Spesso non ci rendiamo conto che il prezzo dei cereali è
la chiave di volta del prezzo di gran parte dell’alimentazione:
non influenza, infatti, soltanto la farina, e quindi il pane e la
pasta. I cereali sono anche l’elemento-base per la preparazione
dei mangimi di cui si nutrono alcuni miliardi di capi di bestiame
allevati. Con il nutrimento più caro, diventa più
costosa anche la carne di ogni genere, dai bovini fino ai polli;
e di qui l’aumento dei prezzi si estende alla filiera del latte,
e comprende il burro, i formaggi e le uova. Insomma, quasi tutta
la nostra alimentazione ne è toccata.
Non si tratta tanto di cercare colpe, come fanno allegramente i
mezzi di informazione, attribuendole largamente al settore commerciale,
bensì di individuare rimedi. E soprattutto di domandarsi
se l’attuale economia di mercato disponga di meccanismi sufficienti
per fornire i cereali aggiuntivi. E la risposta è positiva,
con qualche riserva, nel breve periodo; ma è molto più
incerta nel periodo medio-lungo.
Nel breve periodo, infatti, con l’unica incognita del clima,
nulla vieta di cambiare in favore dei cereali, divenuti più
redditizi, il mix produttivo degli agricoltori di tutto il mondo.
Questi cambiamenti sono già in corso e quest’anno ci
potrebbe essere un aumento della produzione intorno al 6 per cento,
una crescita eccezionale per questo genere di mercato; un simile
movimento sarà indubbiamente favorito dall’eliminazione
dei residui limiti alla coltivazione dei cereali nei Paesi più
ricchi, imposti in passato da autorità che temevano il fenomeno
contrario, ossia che il prezzo risultasse troppo basso e quindi
– direttamente o indirettamente – favorivano la conversione
dei cereali ad altre coltivazioni.
Non si possono, tuttavia, escludere nuove situazioni di difficoltà
grave in singoli Paesi nel corso dei prossimi mesi, con impennate
dei prezzi che daranno luogo a varie forme di controllo che hanno
già determinato ostacoli all’esportazione: nel timore
di non averne abbastanza per il proprio mercato interno, India,
Cina, Russia, Argentina e Kazakhstan hanno introdotto, o aumentato,
le imposte sulle esportazioni dei cereali, e l’Ucraina ha addirittura
sospeso le esportazioni. Nei Paesi più poveri e con un forte
deficit alimentare le difficoltà si potrebbero tradurre in
razionamenti.
Nel medio-lungo periodo, però, occorre domandarsi se la reazione
spontanea dei mercati possa risultare sufficiente, di fronte a una
domanda che non smetterà di aumentare fortemente. È
possibile che, per soddisfare la prossima crescita di domanda, sia
indispensabile passare a varietà di cereali con rese ancora
maggiori di quelle attuali; tali varietà sono, nella grande
maggioranza, del tipo ogm (organismi geneticamente modificati),
e si apre così un ulteriore grave dilemma, che non coinvolge
soltanto situazioni di mercato, ma anche convinzioni di tipo etico.

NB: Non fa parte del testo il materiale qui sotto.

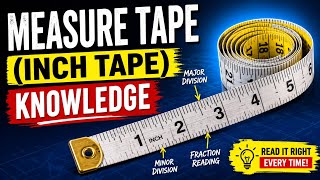 Measure Tape (Inch Tape) Full Knowledge in Hindi | सिलाई वाला Inch Tape कैसे पढ़ें 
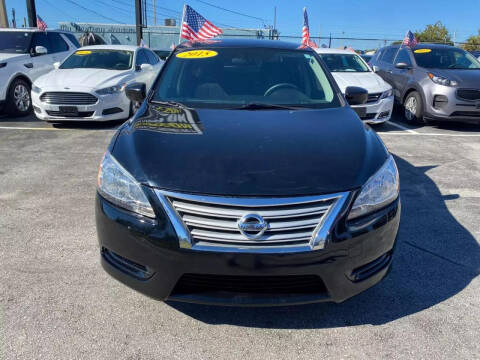 2015 Nissan Sentra for sale at Rico Auto Center USA in Orlando FL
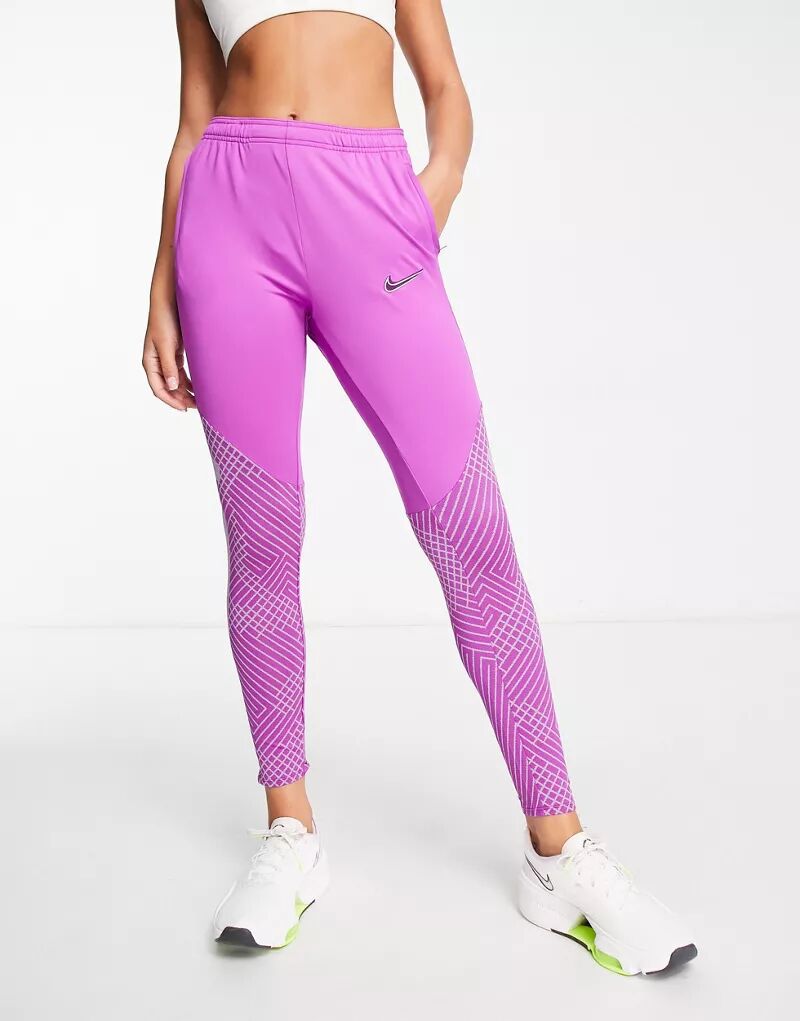Розовые джоггеры Nike Strike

La seconda difficoltà è data dal comportamento dei
principali Paesi produttori ed esportatori, i quali sono fortemente
tentati di concertare la loro azione sui mercati, creando una “Opec
del grano”, come l’ha definita la Russia, quinto esportatore
mondiale. I produttori tenderanno, cioè, a garantirsi il
consolidamento e l’ulteriore crescita dei prezzi ora raggiunti.

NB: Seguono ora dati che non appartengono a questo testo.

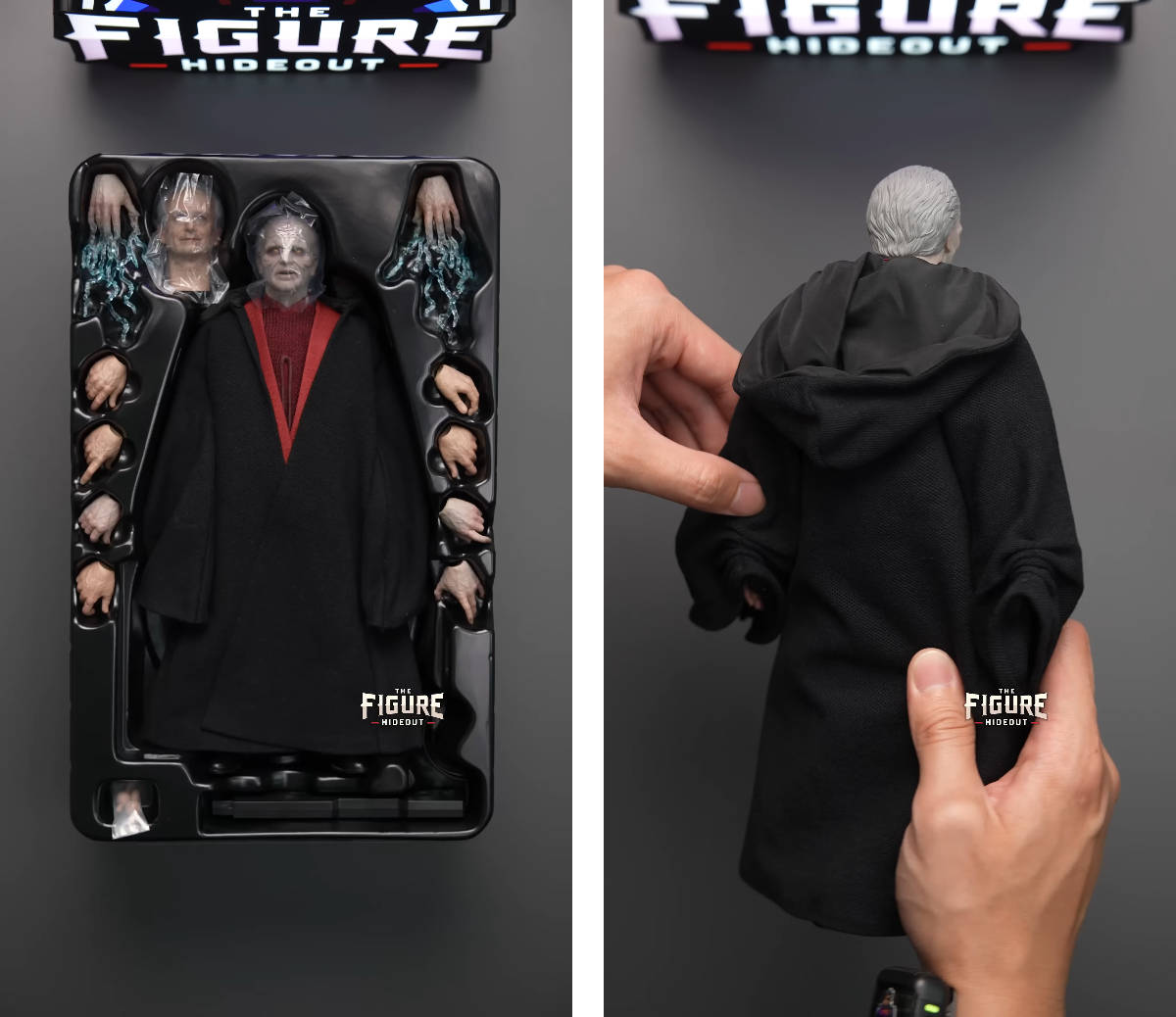 Права на изображения принадлежат Lucasfilm, Hot Toys и The Figure Hideout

Dobbiamo quindi prepararci a un futuro in cui i generi alimentari
costeranno più cari: finisce, come ha osservato di recente
l’Economist, «il cibo a buon mercato». Il cibo
a buon mercato, però, era direttamente collegato alla democrazia:
gli americani che giunsero in Italia nella Seconda guerra mondiale
portarono libere elezioni e milioni di tonnellate di farina in regalo
per alcuni anni.
In Italia, naturalmente, la democrazia si è consolidata:
ma che cosa succederà in altri Paesi, soprattutto in quelli
dove l’esperienza di cibo a buon mercato e di democrazia è
molto più recente? Se la farina diventerà più
cara, ci saranno ancora elezioni libere?